> **EXERCISE BRIEF**
Nothing but the lines from the first line of the entries through the line with "Natural Quartz Crystal" should appear in the answer, transcribed exactly and free of pictures.

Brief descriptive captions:

○ ○ ○ ○ ○

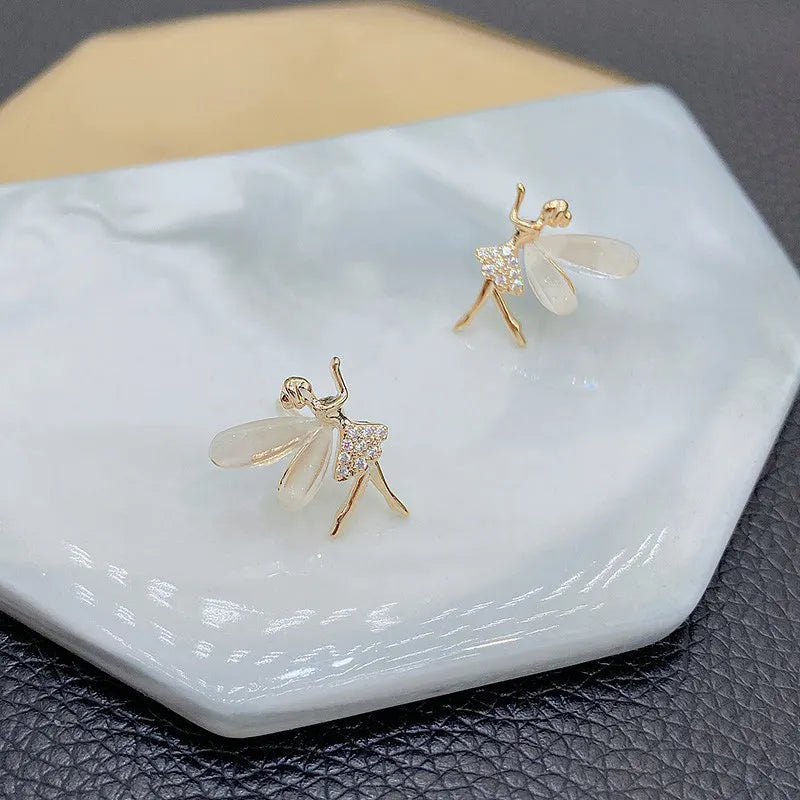 Fashion Cute Flower Wings Elf Stud Earrings for Women & Girls – Zircon Fairy Design Jewelry | Royal Martz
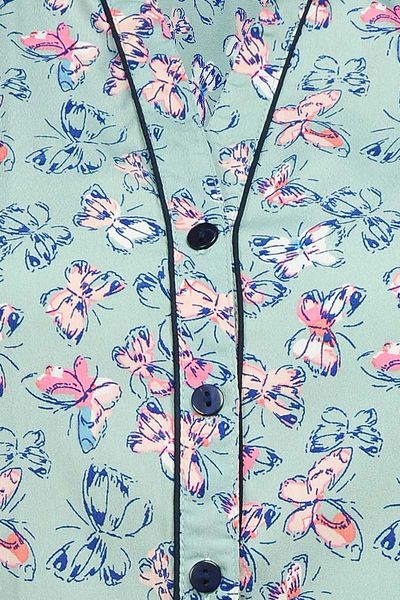 Seledynowa Koszula w Motyle - 40 / L zdjęcie 3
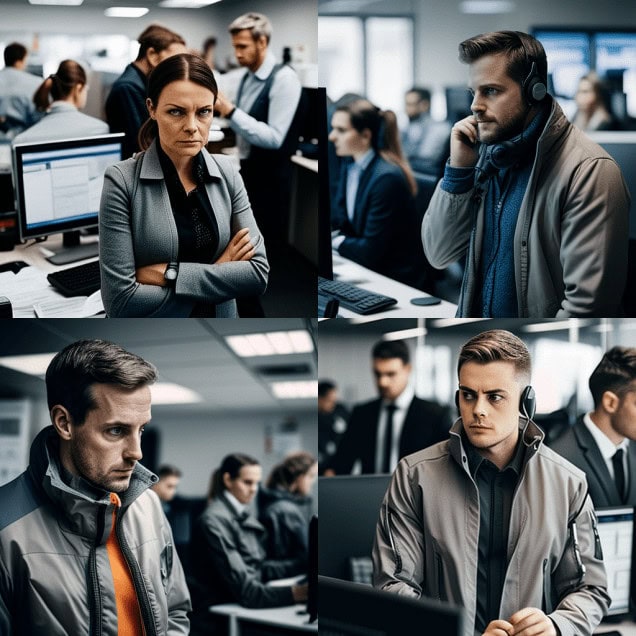 Women in business professional workwear at office building.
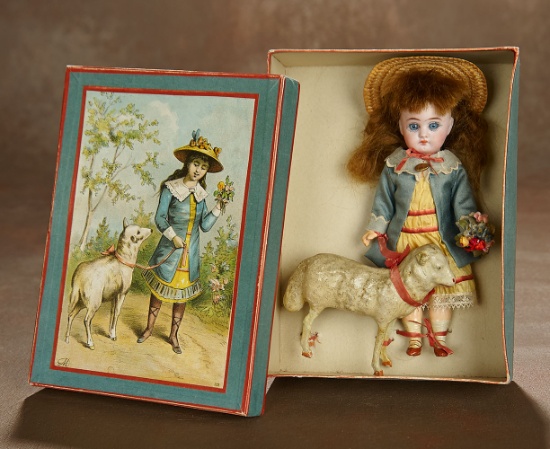 Sonneberg Bisque Doll as "Mary Had a Little Lamb" in Presentation Box 1100/1500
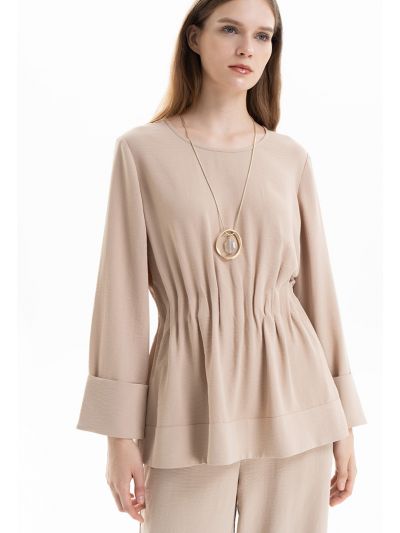 Cinched Waist Tiered Blouse -Sale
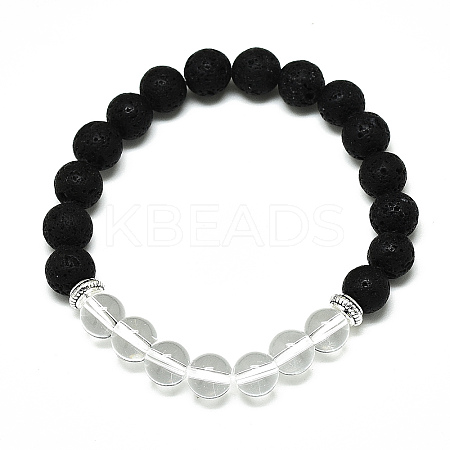 Natural Quartz Crystal Beads Stretch Bracelets X-BJEW-R309-02-A10-1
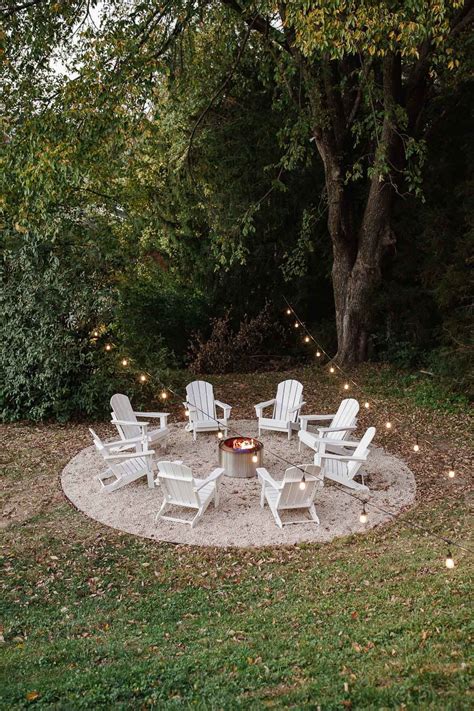 DIY Pea Gravel Fire Pit Patio | Julie Blanner | Fire pit landscaping, Outdoor fire pit area ...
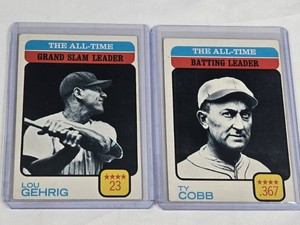Lot of 2 Vintage 1973 All Time Leaders Baseball Cards Featuring Ty Cobb and Lou Gehrig - Vintage Baseball Cards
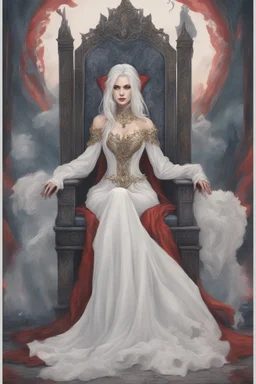 Beautiful white haired Vampire queen on her throne, drawing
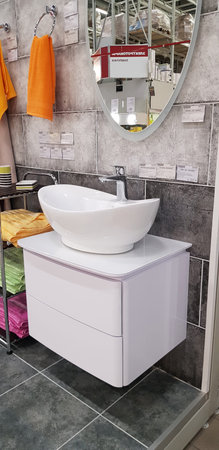 Russia, St. Petersburg 16.07,2018 Bathroom sink for saleのeditorial素材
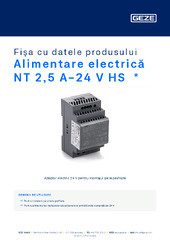 Alimentare electrică NT 2,5 A-24 V HS  * Fișa cu datele produsului RO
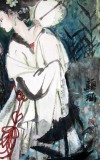 顏涵四尺斗方重彩仕女圖（詢價）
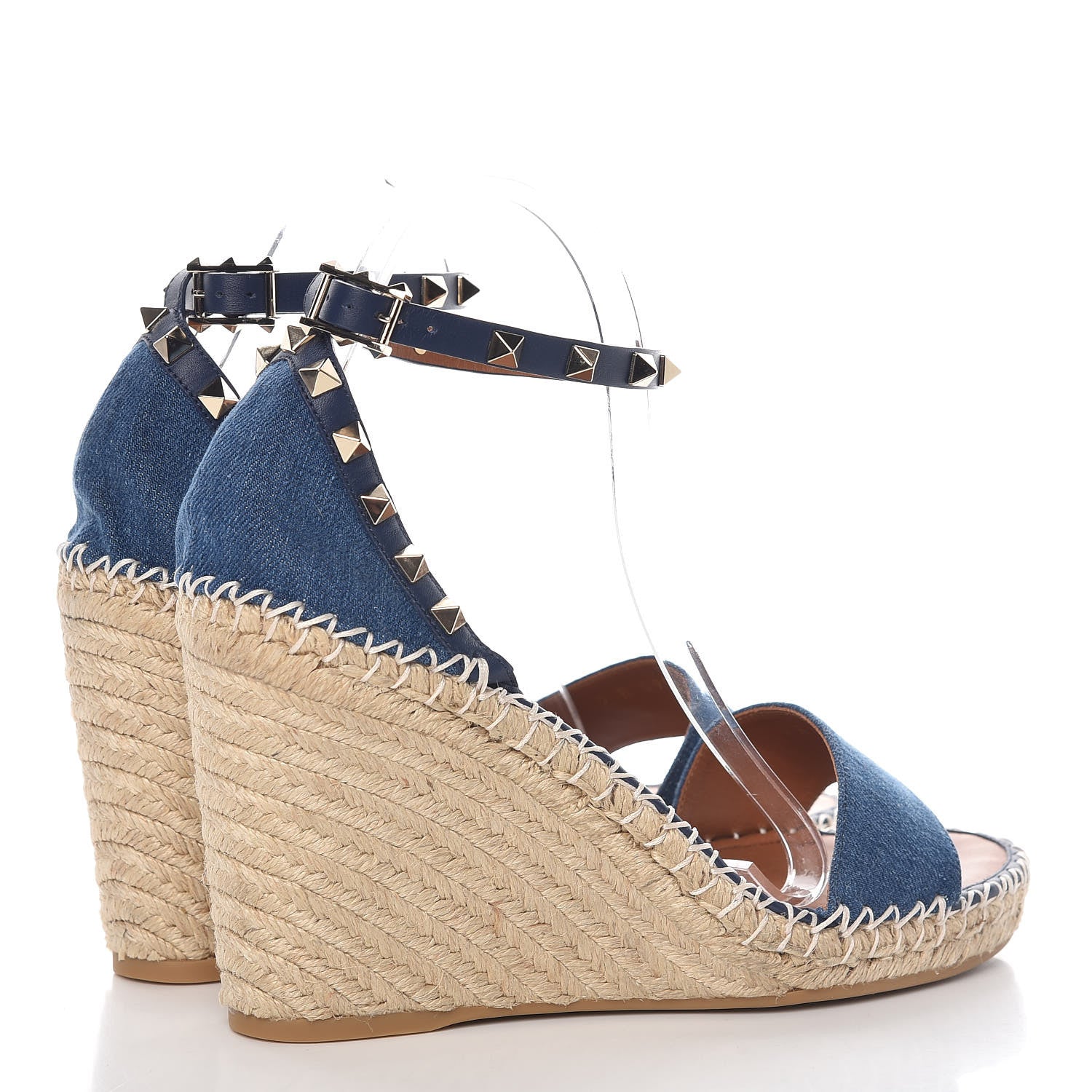 Valentino Garavani Denim Rockstud Ankle Strap Espadrille 15/105mm Wedge Sandals 40 Light Denim 4 of 8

○ ○ ○ ○ ○

> **OUTPUT OF THE EXERCISE**
 Fashion Cute Flower Wings Elf Stud Earrings for Women & Girls – Zircon Fairy Design Jewelry | Royal Martz
 Seledynowa Koszula w Motyle - 40 / L zdjęcie 3
 Women in business professional workwear at office building.
 Sonneberg Bisque Doll as "Mary Had a Little Lamb" in Presentation Box 1100/1500
 Cinched Waist Tiered Blouse -Sale
 Natural Quartz Crystal Beads Stretch Bracelets X-BJEW-R309-02-A10-1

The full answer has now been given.